Six Lawrence University faculty members have been granted 2023 tenure appointments.
President Laurie A. Carter and the university’s Board of Trustees, based on recommendations by the faculty Committee on Tenure, Promotion, Reappointment, and Equal Employment Opportunity, approved the granting of tenure to Israel Del Toro, biology; Thelma Jiménez-Anglada, Spanish; Nancy Lin, art history; Rebecca Perry, music theory; Graham Sazama, chemistry; and Jesús Gregorio Smith, ethnic studies.
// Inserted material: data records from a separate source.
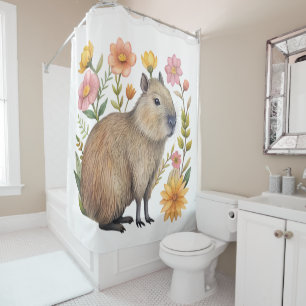 Cortina Para Box Capybara Floral Chá Curtain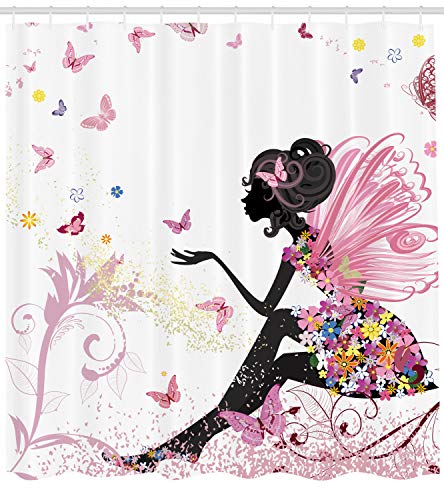 Fantasy Shower Curtain, Young Girl Silhouette w/Butterflies, Pink Print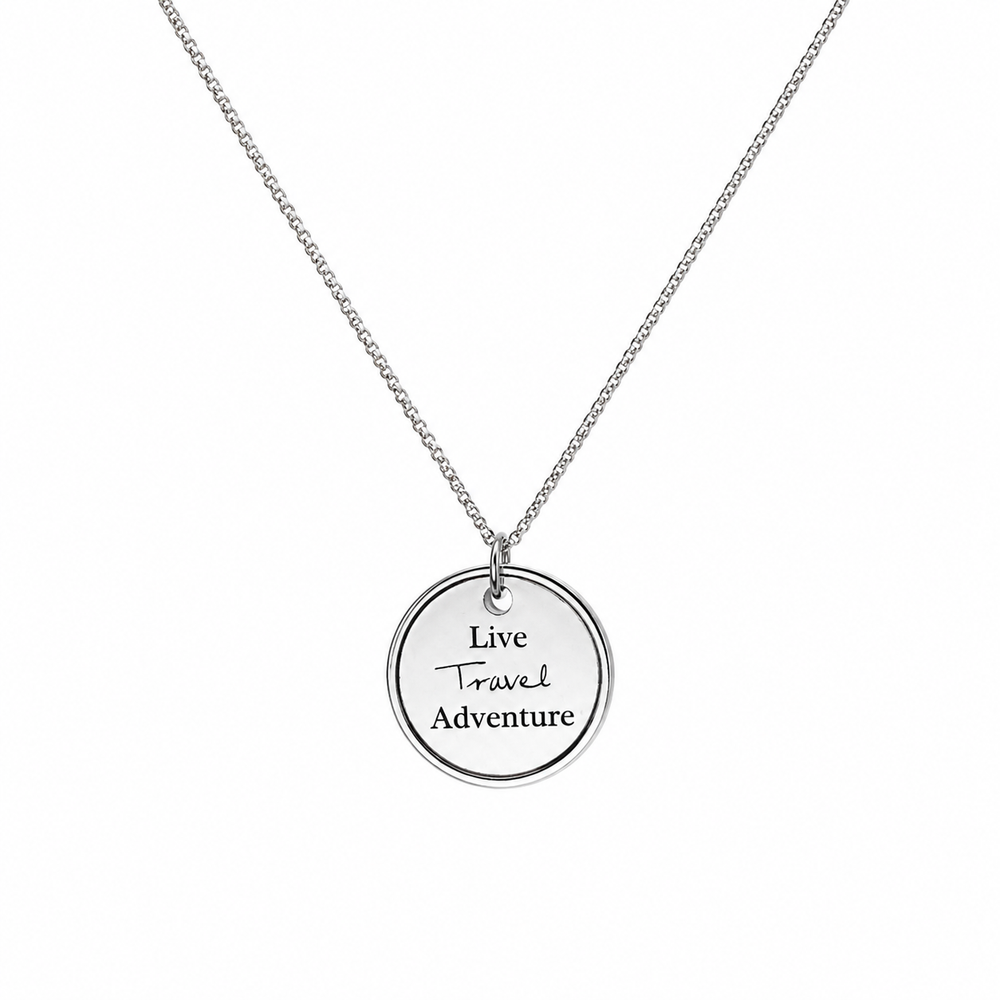"Live Travel Adventure" Sterling Silver Pendant Necklace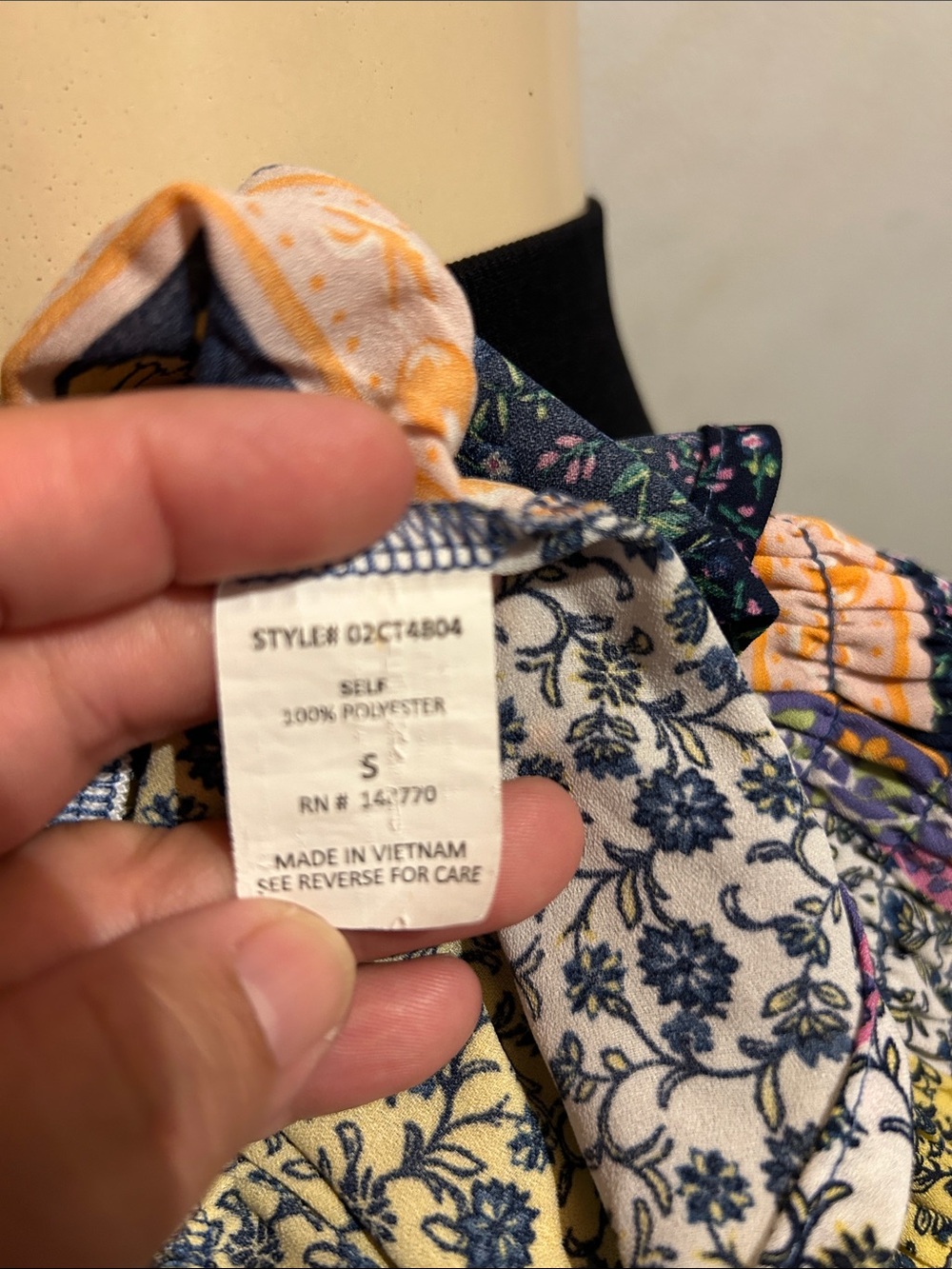 Sienna Sky Navy Yellow Patchwork Smocked Strapless Crop Top - Picture 7 of 7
All six will be promoted to associate professor at the start of the 2023-24 academic year.
“I am thrilled that these six colleagues have been awarded tenure,” said Peter Blitstein, provost and dean of faculty. “These distinguished faculty members, among whom are several teaching award winners and recipients of highly competitive federal grants, are the most diverse group of faculty to be tenured in Lawrence’s recent history and together represent the kind of teacher-scholars who make Lawrence a leading national liberal arts college and conservatory.”
Israel Del Toro
Del Toro came to Lawrence as an assistant professor of biology in 2016 after holding a postdoctoral fellowship at the University of Copenhagen. An ecologist, his research emphasizes understanding the role that insects play in mediating ecosystem services. Working primarily in urban ecosystems, he investigates questions of biodiversity management and conservation in greenspaces, largely focused on insect pollinators as important players in the urban landscape.
Del Toro was awarded a prestigious National Science Foundation (NSF) EAGER grant, is one of the originators of “No Mow May,” and was elected to the City of Appleton’s Common Council in 2022.
He received his Ph.D. from the University of Massachusetts, Amherst in 2014.
Jiménez-Anglada came to Lawrence in 2016 as an ACM Mellon Faculty Fellow and assistant professor of Spanish. A scholar of Latin American and Caribbean literature and culture, her scholarship and creative activity has been devoted to the literary and cultural production of late 20th and 21st centuries that have been re-imagined by the presence of narcocultures and narcotrafficking in Mexico and Central America.
At Lawrence, Jiménez-Anglada has served on numerous search committees, organized an exhibit at the Wriston Art Galleries on the art of Central American migration, managed the Harrison Symposium, and currently serves as a Posse mentor.
She received her Ph.D. from the University of Chicago in 2017.
Lin came to Lawrence in 2016 as an assistant professor of art history. Her scholarship examines the medium of neo-traditional painting within the social and political context of imperial Japan and colonial Korea. She focuses on the ways in which modernism as an artistic movement and the dreams of a Pan-Asian future merged for Japanese and Korean artists as they sought to negotiate their new transnational identities in the early 20th century.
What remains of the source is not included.